Short descriptive text snippets
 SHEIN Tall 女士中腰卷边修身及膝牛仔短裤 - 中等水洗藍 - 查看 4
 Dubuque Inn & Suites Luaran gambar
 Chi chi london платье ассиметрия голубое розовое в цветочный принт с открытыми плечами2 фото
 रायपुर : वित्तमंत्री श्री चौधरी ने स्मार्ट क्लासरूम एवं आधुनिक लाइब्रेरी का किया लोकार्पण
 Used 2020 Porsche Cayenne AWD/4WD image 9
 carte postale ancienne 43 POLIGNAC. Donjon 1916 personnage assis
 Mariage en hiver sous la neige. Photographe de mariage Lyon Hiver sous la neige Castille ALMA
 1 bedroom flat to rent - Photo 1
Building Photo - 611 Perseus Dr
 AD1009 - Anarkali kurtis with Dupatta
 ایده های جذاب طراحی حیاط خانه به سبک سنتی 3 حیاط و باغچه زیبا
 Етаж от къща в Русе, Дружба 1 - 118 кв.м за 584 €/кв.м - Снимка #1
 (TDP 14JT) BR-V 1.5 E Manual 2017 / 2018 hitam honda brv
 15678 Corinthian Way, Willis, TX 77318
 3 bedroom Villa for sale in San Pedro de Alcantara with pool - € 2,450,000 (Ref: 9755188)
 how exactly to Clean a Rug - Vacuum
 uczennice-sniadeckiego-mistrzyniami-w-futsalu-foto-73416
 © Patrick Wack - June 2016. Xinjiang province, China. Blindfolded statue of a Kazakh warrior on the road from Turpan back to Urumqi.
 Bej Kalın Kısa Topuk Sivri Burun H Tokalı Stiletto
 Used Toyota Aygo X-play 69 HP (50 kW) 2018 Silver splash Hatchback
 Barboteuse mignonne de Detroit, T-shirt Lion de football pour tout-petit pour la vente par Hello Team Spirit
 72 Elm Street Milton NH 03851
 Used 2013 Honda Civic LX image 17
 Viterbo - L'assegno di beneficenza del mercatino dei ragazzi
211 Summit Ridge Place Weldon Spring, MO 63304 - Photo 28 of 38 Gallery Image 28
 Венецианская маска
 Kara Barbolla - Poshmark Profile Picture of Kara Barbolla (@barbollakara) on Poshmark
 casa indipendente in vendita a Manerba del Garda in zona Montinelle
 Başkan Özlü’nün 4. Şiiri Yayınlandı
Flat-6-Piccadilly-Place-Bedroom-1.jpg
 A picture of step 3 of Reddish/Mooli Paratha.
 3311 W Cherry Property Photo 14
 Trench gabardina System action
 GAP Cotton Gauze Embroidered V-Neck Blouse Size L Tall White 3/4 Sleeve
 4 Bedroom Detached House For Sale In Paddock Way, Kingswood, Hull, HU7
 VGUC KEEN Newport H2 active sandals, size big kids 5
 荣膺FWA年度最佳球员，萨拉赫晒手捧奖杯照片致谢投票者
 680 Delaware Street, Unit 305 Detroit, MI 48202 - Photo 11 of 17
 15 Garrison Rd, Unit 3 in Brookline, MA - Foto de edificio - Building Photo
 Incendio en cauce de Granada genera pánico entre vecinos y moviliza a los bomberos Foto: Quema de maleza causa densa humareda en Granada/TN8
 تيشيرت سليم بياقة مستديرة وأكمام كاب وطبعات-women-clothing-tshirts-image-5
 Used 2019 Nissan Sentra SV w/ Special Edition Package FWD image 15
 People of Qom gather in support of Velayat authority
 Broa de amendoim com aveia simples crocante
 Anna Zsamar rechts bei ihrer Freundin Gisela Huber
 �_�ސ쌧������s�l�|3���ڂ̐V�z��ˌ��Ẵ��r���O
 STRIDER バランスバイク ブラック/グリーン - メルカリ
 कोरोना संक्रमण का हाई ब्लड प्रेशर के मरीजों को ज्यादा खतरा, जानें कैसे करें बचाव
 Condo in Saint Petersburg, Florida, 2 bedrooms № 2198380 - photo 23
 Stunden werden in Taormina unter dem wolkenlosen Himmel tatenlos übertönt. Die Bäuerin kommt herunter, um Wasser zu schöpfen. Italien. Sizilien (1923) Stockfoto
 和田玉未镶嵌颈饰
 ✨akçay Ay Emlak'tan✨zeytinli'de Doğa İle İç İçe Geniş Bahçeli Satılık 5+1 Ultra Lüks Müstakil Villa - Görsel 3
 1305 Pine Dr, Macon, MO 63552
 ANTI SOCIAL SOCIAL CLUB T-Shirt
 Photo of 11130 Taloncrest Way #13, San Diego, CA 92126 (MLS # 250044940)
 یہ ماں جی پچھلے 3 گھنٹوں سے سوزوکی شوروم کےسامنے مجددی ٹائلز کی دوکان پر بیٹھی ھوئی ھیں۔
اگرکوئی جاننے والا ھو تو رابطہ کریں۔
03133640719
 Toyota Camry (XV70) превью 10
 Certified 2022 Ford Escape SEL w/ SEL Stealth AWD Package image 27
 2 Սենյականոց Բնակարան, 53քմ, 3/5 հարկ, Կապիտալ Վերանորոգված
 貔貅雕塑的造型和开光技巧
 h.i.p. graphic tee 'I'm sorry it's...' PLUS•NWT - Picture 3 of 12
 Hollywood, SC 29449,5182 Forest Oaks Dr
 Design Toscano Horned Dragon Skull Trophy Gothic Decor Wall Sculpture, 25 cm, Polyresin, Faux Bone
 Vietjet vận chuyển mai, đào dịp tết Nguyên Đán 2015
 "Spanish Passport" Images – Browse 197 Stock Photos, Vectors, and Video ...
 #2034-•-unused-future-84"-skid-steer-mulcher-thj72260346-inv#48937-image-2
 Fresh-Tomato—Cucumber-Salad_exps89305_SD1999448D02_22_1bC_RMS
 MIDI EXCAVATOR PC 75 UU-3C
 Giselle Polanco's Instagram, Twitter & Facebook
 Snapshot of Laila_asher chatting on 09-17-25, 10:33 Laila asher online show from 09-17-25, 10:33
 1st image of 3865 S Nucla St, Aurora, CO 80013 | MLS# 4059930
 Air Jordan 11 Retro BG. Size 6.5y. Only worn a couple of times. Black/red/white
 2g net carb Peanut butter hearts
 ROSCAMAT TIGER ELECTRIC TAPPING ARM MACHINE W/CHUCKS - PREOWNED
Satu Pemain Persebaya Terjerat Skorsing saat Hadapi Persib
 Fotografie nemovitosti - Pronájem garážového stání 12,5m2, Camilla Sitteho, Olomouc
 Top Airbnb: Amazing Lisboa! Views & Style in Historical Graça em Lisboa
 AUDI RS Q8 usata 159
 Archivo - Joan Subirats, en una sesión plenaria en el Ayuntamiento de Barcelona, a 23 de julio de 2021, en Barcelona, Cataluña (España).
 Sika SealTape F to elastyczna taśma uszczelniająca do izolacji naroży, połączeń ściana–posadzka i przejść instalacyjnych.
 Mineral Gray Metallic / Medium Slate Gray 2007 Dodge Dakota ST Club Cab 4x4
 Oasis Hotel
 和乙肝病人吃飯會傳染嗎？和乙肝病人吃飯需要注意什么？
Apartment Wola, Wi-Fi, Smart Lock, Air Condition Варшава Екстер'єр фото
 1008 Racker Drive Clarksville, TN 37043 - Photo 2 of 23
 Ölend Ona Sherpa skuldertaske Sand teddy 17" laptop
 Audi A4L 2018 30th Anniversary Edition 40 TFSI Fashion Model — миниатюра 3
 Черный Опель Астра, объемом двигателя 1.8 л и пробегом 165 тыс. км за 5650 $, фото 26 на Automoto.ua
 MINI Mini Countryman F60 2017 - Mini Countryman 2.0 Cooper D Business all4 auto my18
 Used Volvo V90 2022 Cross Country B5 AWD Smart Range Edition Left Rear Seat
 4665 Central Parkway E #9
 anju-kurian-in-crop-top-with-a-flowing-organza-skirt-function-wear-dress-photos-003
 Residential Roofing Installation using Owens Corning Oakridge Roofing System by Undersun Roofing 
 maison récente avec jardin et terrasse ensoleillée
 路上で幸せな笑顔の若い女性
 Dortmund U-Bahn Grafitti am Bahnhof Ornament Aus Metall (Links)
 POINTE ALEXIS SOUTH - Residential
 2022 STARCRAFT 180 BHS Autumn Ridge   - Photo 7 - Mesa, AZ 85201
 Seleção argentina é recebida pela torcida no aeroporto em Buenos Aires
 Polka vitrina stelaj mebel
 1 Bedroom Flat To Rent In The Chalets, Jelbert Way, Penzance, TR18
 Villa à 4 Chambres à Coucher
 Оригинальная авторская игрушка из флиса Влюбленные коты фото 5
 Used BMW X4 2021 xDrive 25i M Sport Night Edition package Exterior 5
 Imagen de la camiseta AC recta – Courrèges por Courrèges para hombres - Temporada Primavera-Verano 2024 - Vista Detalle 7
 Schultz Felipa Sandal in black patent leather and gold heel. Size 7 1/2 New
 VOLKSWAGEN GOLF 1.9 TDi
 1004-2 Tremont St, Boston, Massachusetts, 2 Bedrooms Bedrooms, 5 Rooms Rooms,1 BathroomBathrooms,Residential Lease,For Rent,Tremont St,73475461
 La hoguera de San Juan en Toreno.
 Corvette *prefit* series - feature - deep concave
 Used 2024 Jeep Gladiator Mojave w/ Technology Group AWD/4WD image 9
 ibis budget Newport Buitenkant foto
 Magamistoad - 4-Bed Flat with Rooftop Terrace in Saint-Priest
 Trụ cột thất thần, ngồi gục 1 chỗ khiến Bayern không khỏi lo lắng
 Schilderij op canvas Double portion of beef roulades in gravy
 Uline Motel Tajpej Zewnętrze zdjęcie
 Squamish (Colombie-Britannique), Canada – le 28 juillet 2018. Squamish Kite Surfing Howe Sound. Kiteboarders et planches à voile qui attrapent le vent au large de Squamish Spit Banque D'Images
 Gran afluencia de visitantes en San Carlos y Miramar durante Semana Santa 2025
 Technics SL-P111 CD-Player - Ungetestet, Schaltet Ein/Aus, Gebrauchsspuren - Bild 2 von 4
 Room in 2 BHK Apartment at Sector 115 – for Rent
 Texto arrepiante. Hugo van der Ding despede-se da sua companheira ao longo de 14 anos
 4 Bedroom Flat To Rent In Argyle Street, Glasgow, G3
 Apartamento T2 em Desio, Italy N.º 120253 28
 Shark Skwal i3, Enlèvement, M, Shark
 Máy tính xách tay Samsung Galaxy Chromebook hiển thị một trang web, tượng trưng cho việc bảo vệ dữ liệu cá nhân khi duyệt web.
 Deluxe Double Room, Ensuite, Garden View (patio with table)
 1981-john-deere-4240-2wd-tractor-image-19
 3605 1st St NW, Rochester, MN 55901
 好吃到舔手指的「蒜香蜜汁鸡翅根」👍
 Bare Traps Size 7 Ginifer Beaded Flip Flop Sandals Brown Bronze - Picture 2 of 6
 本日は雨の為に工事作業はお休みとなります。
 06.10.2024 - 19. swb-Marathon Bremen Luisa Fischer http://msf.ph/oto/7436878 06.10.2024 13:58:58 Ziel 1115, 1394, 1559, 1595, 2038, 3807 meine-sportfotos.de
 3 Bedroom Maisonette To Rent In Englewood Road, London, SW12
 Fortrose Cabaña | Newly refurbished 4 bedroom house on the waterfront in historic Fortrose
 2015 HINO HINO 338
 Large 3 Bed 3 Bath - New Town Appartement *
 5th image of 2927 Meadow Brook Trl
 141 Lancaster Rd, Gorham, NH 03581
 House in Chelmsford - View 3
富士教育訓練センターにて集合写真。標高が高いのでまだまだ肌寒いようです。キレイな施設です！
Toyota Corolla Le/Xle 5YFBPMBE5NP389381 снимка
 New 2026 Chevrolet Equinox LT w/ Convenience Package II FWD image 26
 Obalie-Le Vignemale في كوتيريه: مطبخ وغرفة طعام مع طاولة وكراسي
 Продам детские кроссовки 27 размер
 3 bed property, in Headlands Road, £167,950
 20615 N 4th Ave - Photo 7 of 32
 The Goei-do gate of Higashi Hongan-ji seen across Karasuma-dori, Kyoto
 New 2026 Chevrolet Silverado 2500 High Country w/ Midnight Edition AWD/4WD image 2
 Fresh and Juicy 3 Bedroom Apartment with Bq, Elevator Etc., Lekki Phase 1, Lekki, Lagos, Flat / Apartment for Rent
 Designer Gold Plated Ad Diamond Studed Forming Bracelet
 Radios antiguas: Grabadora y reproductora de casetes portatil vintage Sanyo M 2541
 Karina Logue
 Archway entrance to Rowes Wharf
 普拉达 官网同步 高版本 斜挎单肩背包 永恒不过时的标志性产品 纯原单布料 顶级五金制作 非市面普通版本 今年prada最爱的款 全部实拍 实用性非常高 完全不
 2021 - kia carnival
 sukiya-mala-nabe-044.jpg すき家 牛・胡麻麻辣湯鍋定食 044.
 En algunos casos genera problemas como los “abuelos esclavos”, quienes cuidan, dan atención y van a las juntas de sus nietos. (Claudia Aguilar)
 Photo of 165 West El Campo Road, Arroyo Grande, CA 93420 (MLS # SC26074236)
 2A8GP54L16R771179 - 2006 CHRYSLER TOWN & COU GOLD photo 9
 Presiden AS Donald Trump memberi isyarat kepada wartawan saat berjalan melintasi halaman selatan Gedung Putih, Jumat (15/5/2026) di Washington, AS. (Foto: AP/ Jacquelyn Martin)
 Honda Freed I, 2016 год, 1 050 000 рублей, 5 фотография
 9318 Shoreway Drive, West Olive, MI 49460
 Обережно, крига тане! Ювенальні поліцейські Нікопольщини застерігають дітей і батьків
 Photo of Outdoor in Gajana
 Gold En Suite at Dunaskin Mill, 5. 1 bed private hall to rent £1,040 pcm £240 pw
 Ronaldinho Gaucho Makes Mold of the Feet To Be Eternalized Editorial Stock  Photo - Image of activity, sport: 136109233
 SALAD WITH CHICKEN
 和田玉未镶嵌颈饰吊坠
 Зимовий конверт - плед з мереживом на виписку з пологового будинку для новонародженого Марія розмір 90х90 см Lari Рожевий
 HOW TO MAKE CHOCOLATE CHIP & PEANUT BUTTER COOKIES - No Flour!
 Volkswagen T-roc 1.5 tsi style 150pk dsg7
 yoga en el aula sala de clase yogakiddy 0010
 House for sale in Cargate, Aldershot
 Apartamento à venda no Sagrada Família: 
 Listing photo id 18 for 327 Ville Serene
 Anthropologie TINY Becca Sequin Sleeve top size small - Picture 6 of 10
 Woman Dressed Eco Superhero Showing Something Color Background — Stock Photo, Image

▶ [WHAT IS REQUIRED] Repeat only the lines running from the line that contains "New 2026 Chevrolet Equinox" through the last line above, inclusive.

▶ [RESULT OF THIS TASK]
 New 2026 Chevrolet Equinox LT w/ Convenience Package II FWD image 26
 Obalie-Le Vignemale في كوتيريه: مطبخ وغرفة طعام مع طاولة وكراسي
 Продам детские кроссовки 27 размер
 3 bed property, in Headlands Road, £167,950
 20615 N 4th Ave - Photo 7 of 32
 The Goei-do gate of Higashi Hongan-ji seen across Karasuma-dori, Kyoto
 New 2026 Chevrolet Silverado 2500 High Country w/ Midnight Edition AWD/4WD image 2
 Fresh and Juicy 3 Bedroom Apartment with Bq, Elevator Etc., Lekki Phase 1, Lekki, Lagos, Flat / Apartment for Rent
 Designer Gold Plated Ad Diamond Studed Forming Bracelet
 Radios antiguas: Grabadora y reproductora de casetes portatil vintage Sanyo M 2541
 Karina Logue
 Archway entrance to Rowes Wharf
 普拉达 官网同步 高版本 斜挎单肩背包 永恒不过时的标志性产品 纯原单布料 顶级五金制作 非市面普通版本 今年prada最爱的款 全部实拍 实用性非常高 完全不
 2021 - kia carnival
 sukiya-mala-nabe-044.jpg すき家 牛・胡麻麻辣湯鍋定食 044.
 En algunos casos genera problemas como los “abuelos esclavos”, quienes cuidan, dan atención y van a las juntas de sus nietos. (Claudia Aguilar)
 Photo of 165 West El Campo Road, Arroyo Grande, CA 93420 (MLS # SC26074236)
 2A8GP54L16R771179 - 2006 CHRYSLER TOWN & COU GOLD photo 9
 Presiden AS Donald Trump memberi isyarat kepada wartawan saat berjalan melintasi halaman selatan Gedung Putih, Jumat (15/5/2026) di Washington, AS. (Foto: AP/ Jacquelyn Martin)
 Honda Freed I, 2016 год, 1 050 000 рублей, 5 фотография
 9318 Shoreway Drive, West Olive, MI 49460
 Обережно, крига тане! Ювенальні поліцейські Нікопольщини застерігають дітей і батьків
 Photo of Outdoor in Gajana
 Gold En Suite at Dunaskin Mill, 5. 1 bed private hall to rent £1,040 pcm £240 pw
 Ronaldinho Gaucho Makes Mold of the Feet To Be Eternalized Editorial Stock  Photo - Image of activity, sport: 136109233
 SALAD WITH CHICKEN
 和田玉未镶嵌颈饰吊坠
 Зимовий конверт - плед з мереживом на виписку з пологового будинку для новонародженого Марія розмір 90х90 см Lari Рожевий
 HOW TO MAKE CHOCOLATE CHIP & PEANUT BUTTER COOKIES - No Flour!
 Volkswagen T-roc 1.5 tsi style 150pk dsg7
 yoga en el aula sala de clase yogakiddy 0010
 House for sale in Cargate, Aldershot
 Apartamento à venda no Sagrada Família: 
 Listing photo id 18 for 327 Ville Serene
 Anthropologie TINY Becca Sequin Sleeve top size small - Picture 6 of 10
 Woman Dressed Eco Superhero Showing Something Color Background — Stock Photo, Image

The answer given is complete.